The webhook validates three scenarios:
1. CREATE: Child Quotas Cannot Exceed Parent Quotas
When a new child queue is created, the webhook sums up all existing children's quotas for each resource (CPU, GPU, memory) and adds the new child's requested quota. If the total exceeds the parent's quota for any resource, the creation is rejected.
This is the core guardrail. It makes the misconfiguration described above impossible — the invalid child queue with 3,000 CPU under a 2,000 CPU parent would be rejected at admission time with a clear error message.
2. UPDATE: Warn on Parent Quota Reduction Below Children
If an administrator reduces a parent queue's quota below the sum of its children's quotas, the webhook issues a warning. This is an intentional design choice — we chose warnings over hard rejections for updates because there are legitimate operational scenarios where you might temporarily reduce a parent's quota and then adjust children afterward. A hard reject would make that workflow impossible.
3. DELETE: Parent Queues Cannot Be Deleted If They Have Children
Deleting a parent queue while child queues still reference it would leave orphaned children pointing at a non-existent parent. The webhook blocks this and returns an error asking the administrator to delete or reassign child queues first.
The Feature Flag
The quota validation is gated behind a --enable-quota-validation flag on the queue controller. This was a deliberate choice during the PR review process with the KAI maintainers — it allows existing deployments to adopt the validator incrementally without breaking current queue configurations that might already have inconsistencies.
For new deployments, we'd recommend enabling it from day one. For existing clusters, enable it after auditing and fixing any existing queue hierarchy misconfigurations.
What We Learned Contributing to KAI
A few observations from the contribution process that might be useful if you're considering contributing to KAI Scheduler:
The review process is thorough. The PR went through 8 commits across two months (January to March 2026) with reviews from multiple NVIDIA maintainers. The feedback was substantive — it pushed the implementation toward better patterns, proper test coverage, and the right level of strictness for each validation scenario.
Test coverage is non-negotiable. The PR includes comprehensive validation tests covering all webhook operations — valid creates, invalid creates, quota boundary conditions, update warnings, and delete protections. If you're planning a contribution, write your tests first.

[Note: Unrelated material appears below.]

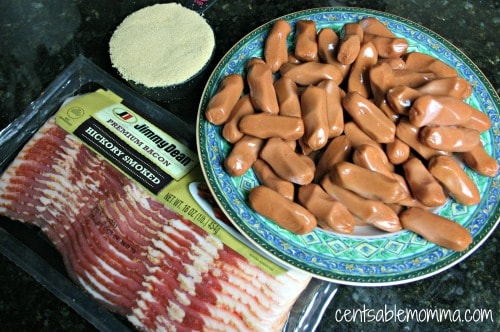 Bacon-Wrapped-Smokies-Ingredients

Convention matters. The project follows Conventional Commits for PR titles (feat(queue-controller): add queue validator), and the code structure follows established patterns in the codebase. Spend time reading existing controllers and webhooks before writing your own.

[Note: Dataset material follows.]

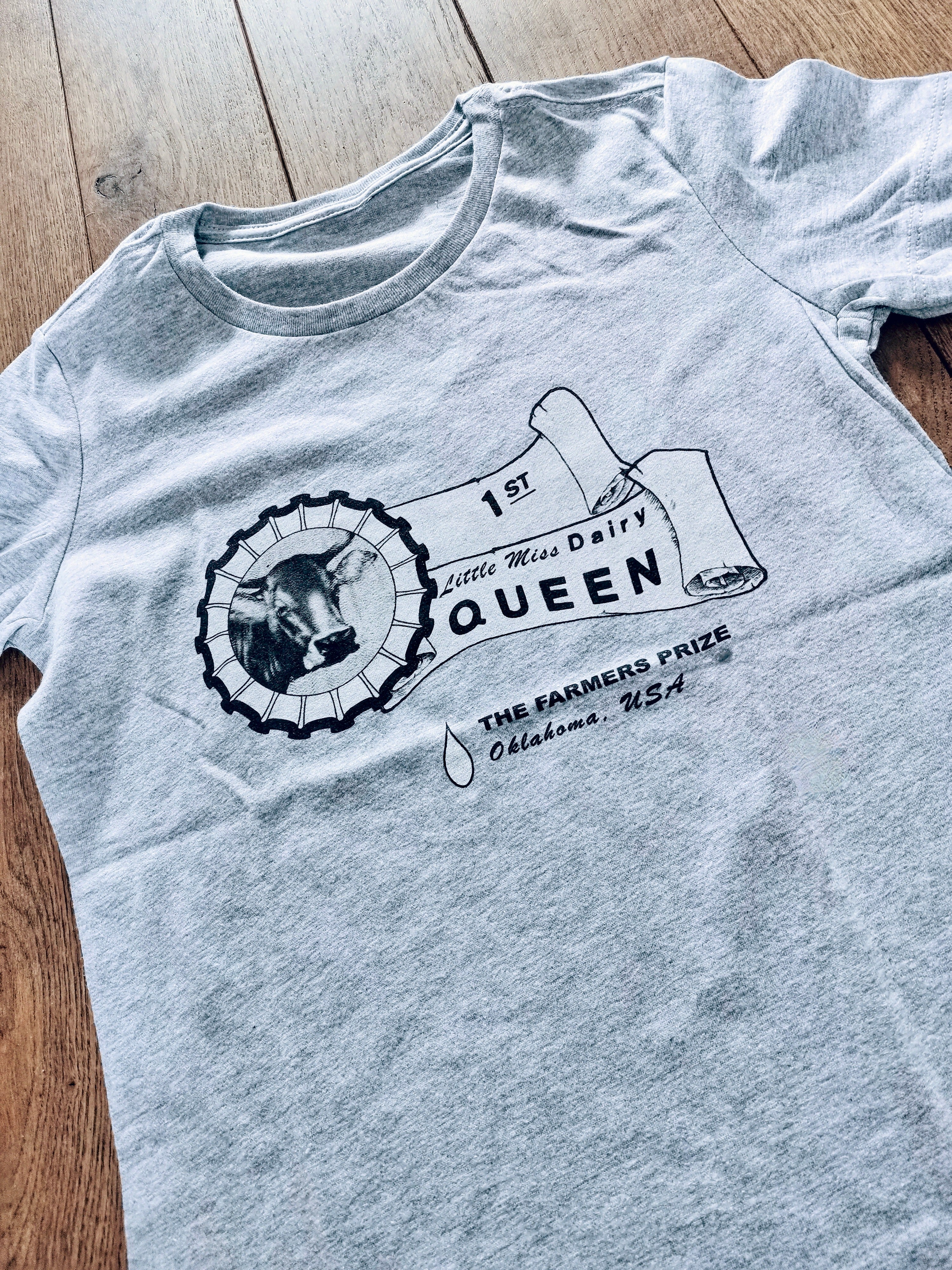 Dairy Queen Friends TV Grey T-Shirt - Rachel Green 90s Inspired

Why This Matters for GPU Infrastructure Operators
If you're running multi-tenant GPU clusters — whether that's a shared training cluster for internal ML teams, or a GPU-as-a-service platform for external customers — quota enforcement at the admission level is table stakes. Without it, you're relying on everyone to get their YAML right, every time.
The queue validator turns a class of runtime surprises into deploy-time errors. That's the kind of shift-left that saves on-call engineers from 2am debugging sessions where workloads aren't getting the GPUs they were promised.
At BaaZ, we build and operate these kinds of GPU clusters for startups and SMEs. KAI Scheduler is a core part of our stack for multi-tenant GPU environments, and contributing fixes upstream is how we ensure the tools we depend on keep getting better.
If you're interested in GPU scheduling, multi-tenancy, or Kubernetes-native AI infrastructure, the KAI Scheduler repo is actively looking for contributors. The issue tracker has plenty of open items, and the maintainers are responsive.